Arizona’s resident Dane has as many power play points as franchise cornerstone, defender Oliver Ekman-Larsson at the All-Star break. What stands out about Boedker’s power play production is that just two of his 16 points are goals. Ekman-Larsson and Shane Doan currently share the lead on the Coyotes with eight power play goals apiece.

Boedker is far from a celebrated playmaker, but he has been having a special season in Arizona after missing 37 games last season. He is tied for the team lead in even strength goals with ten and is third on his team in shots. Like O’Reilly, his fantasy value is hindered by his plus-minus rating thanks to Arizona’s poor goal differential, but Boedker’s power play production has helped to land him in fantasy hockey’s top 150 players. For fantasy managers in deep leagues that need power play points, shots, and don’t mind taking a hit to their plus-minus, Boedker is a winger that brings a lot to the table.

Justin Faulk

Faulk is a player that has taken big steps towards joining the exclusive club of fantasy hockey’s elite defensemen with Carolina this year. Twelve of Faulk’s 16 power play points this season have been goals, which is just two fewer goals than the rest of the Hurricanes have on the man advantage combined. The dynamic defender is a top 75 fantasy player and only eight other blue liners have been more valuable through the first half of the 2015-16 fantasy season.

The Hurricanes’ best player will be on countless fantasy draft cheat sheets in September thanks to his big shot, ability to move the puck, and featured role on Carolina’s power play. Skating nearly twenty-five minutes every game and being a monster on the power play for Carolina more than makes up for Faulk’s atrocious plus-minus that comes hand-in-hand with playing on a team with leaky goaltending.

Ryan Spooner

Spooner skates on the top power play unit for the Bruins with Patrice Bergeron, David Krecji, Loui Eriksson, and Torey Krug and therein lies the secret to his surprising fantasy value. Despite skating less than an average of fifteen minutes a night this season, Spooner has 14 power play points and 23 even strength points for Boston.

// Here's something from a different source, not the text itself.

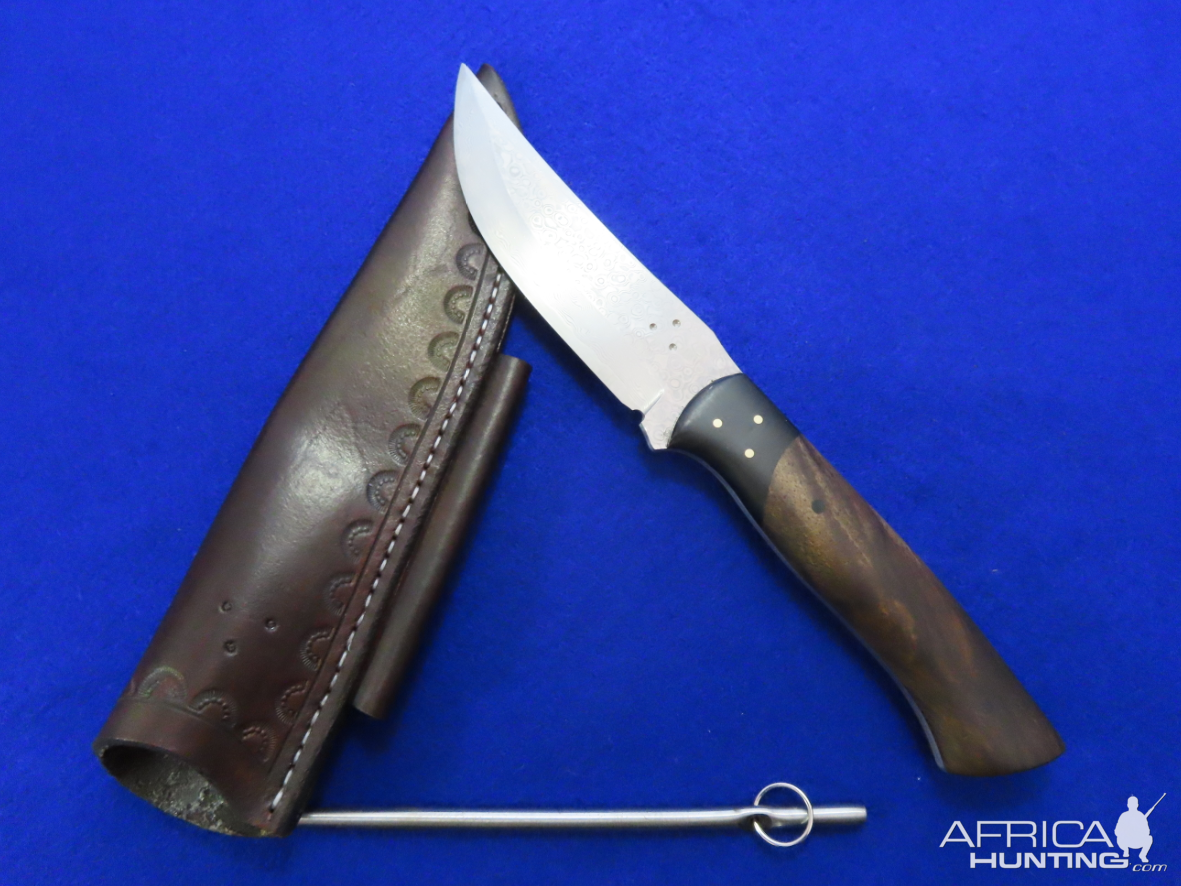 Buffalo Skinner Knife in SS Damascus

The 24-year-old forward is still an unknown commodity in many fantasy leagues thanks largely in part to his limited ice time, but his deployment on the top power play unit and his talent for picking up assists makes him a great player to own in deep leagues. Spooner flourished when he was promoted to the second line when Krejci went down with his injury. Since the star Czech center’s return, Spooner has continued his outstanding play on his wing in the Bruins’ top six.

In ESPN and CBS leagues Spooner is an exclusively center eligible forward, but in Yahoo! leagues his value is increased thanks to his eligibility to play both center and left wing. Spooner is under 90 percent owned in all three major fantasy league providers but is a top 100 fantasy player in standard scoring categories thanks to getting the job done on the power play, getting pucks on net, and leading the Bruins in assists.